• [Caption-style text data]

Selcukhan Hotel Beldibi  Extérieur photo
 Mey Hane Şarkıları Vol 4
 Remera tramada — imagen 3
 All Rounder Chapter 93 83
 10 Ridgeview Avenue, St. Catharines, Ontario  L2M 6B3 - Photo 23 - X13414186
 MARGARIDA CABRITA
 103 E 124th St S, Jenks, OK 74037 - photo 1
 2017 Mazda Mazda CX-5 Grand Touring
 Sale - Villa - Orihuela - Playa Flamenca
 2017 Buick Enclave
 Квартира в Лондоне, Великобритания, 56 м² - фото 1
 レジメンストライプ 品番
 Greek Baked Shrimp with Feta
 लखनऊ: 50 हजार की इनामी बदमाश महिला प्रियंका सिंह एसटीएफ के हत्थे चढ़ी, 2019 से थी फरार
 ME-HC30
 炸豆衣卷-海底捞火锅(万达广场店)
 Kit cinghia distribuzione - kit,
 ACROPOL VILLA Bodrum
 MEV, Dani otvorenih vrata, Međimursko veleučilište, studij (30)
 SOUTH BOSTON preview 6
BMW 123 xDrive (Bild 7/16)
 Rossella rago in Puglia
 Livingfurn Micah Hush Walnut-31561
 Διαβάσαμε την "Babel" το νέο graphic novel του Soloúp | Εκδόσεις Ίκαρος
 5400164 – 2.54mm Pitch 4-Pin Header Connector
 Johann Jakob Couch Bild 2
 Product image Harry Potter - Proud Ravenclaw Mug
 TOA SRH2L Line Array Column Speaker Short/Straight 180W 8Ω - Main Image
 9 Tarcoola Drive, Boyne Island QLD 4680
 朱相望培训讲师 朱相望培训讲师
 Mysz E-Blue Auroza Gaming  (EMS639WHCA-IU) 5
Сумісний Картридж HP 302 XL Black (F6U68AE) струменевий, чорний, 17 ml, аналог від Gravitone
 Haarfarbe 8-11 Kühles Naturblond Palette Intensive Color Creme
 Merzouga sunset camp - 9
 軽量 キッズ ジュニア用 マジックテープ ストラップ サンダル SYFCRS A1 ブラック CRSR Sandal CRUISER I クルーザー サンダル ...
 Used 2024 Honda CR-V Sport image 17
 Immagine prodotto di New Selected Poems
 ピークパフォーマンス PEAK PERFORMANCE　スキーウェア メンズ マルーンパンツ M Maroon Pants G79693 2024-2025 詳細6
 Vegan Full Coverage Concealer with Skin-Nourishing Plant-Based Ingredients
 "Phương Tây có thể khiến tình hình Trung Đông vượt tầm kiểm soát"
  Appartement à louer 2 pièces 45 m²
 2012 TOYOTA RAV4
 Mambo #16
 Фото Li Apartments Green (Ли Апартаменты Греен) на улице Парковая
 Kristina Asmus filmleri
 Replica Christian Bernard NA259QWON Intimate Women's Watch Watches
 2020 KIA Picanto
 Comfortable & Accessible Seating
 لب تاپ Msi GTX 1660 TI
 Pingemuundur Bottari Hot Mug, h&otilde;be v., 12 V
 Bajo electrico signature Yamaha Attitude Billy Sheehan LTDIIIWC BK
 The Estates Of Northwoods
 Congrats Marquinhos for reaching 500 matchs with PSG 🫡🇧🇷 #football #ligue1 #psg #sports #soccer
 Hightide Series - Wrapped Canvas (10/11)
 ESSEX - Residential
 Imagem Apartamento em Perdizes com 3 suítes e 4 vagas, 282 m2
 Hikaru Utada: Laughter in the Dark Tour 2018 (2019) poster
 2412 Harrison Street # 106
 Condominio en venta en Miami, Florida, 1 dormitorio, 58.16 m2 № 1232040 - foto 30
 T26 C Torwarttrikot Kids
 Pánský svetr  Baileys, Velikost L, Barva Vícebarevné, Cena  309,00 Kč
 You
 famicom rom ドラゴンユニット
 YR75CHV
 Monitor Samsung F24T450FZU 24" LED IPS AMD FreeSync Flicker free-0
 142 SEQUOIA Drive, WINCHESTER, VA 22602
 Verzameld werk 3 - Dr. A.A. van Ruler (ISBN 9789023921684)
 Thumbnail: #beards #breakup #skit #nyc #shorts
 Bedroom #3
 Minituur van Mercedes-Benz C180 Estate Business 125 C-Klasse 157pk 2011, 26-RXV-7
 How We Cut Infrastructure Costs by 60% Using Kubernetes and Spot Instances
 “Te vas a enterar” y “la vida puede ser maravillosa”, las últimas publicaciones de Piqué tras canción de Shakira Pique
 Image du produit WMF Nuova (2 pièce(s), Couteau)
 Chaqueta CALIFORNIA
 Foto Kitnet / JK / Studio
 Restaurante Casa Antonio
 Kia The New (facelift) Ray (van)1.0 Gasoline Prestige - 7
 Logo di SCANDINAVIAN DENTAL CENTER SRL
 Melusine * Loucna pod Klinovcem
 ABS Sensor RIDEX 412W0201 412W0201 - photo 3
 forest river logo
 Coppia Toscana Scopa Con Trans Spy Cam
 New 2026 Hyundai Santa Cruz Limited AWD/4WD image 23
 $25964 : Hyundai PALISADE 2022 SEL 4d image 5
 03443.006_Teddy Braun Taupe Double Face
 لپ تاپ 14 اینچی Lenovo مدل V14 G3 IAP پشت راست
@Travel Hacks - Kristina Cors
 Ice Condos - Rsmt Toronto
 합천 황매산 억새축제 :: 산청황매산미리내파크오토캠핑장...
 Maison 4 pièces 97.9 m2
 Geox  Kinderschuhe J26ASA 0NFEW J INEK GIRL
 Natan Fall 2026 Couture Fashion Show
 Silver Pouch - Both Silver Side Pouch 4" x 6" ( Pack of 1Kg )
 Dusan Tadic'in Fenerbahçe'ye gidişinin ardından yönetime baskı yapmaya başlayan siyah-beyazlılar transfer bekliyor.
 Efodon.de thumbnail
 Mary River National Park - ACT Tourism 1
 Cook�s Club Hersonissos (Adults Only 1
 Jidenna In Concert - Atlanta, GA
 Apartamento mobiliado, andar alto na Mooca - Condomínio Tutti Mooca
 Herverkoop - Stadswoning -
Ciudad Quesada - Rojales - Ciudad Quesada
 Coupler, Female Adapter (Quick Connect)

• [What needs to be done] Write out exactly the lines above between the line with "T26 C Torwarttrikot Kids" and the line with "SEL 4d image 5", inclusive, and nothing beyond them.

• [Exercise output]
 T26 C Torwarttrikot Kids
 Pánský svetr  Baileys, Velikost L, Barva Vícebarevné, Cena  309,00 Kč
 You
 famicom rom ドラゴンユニット
 YR75CHV
 Monitor Samsung F24T450FZU 24" LED IPS AMD FreeSync Flicker free-0
 142 SEQUOIA Drive, WINCHESTER, VA 22602
 Verzameld werk 3 - Dr. A.A. van Ruler (ISBN 9789023921684)
 Thumbnail: #beards #breakup #skit #nyc #shorts
 Bedroom #3
 Minituur van Mercedes-Benz C180 Estate Business 125 C-Klasse 157pk 2011, 26-RXV-7
 How We Cut Infrastructure Costs by 60% Using Kubernetes and Spot Instances
 “Te vas a enterar” y “la vida puede ser maravillosa”, las últimas publicaciones de Piqué tras canción de Shakira Pique
 Image du produit WMF Nuova (2 pièce(s), Couteau)
 Chaqueta CALIFORNIA
 Foto Kitnet / JK / Studio
 Restaurante Casa Antonio
 Kia The New (facelift) Ray (van)1.0 Gasoline Prestige - 7
 Logo di SCANDINAVIAN DENTAL CENTER SRL
 Melusine * Loucna pod Klinovcem
 ABS Sensor RIDEX 412W0201 412W0201 - photo 3
 forest river logo
 Coppia Toscana Scopa Con Trans Spy Cam
 New 2026 Hyundai Santa Cruz Limited AWD/4WD image 23
 $25964 : Hyundai PALISADE 2022 SEL 4d image 5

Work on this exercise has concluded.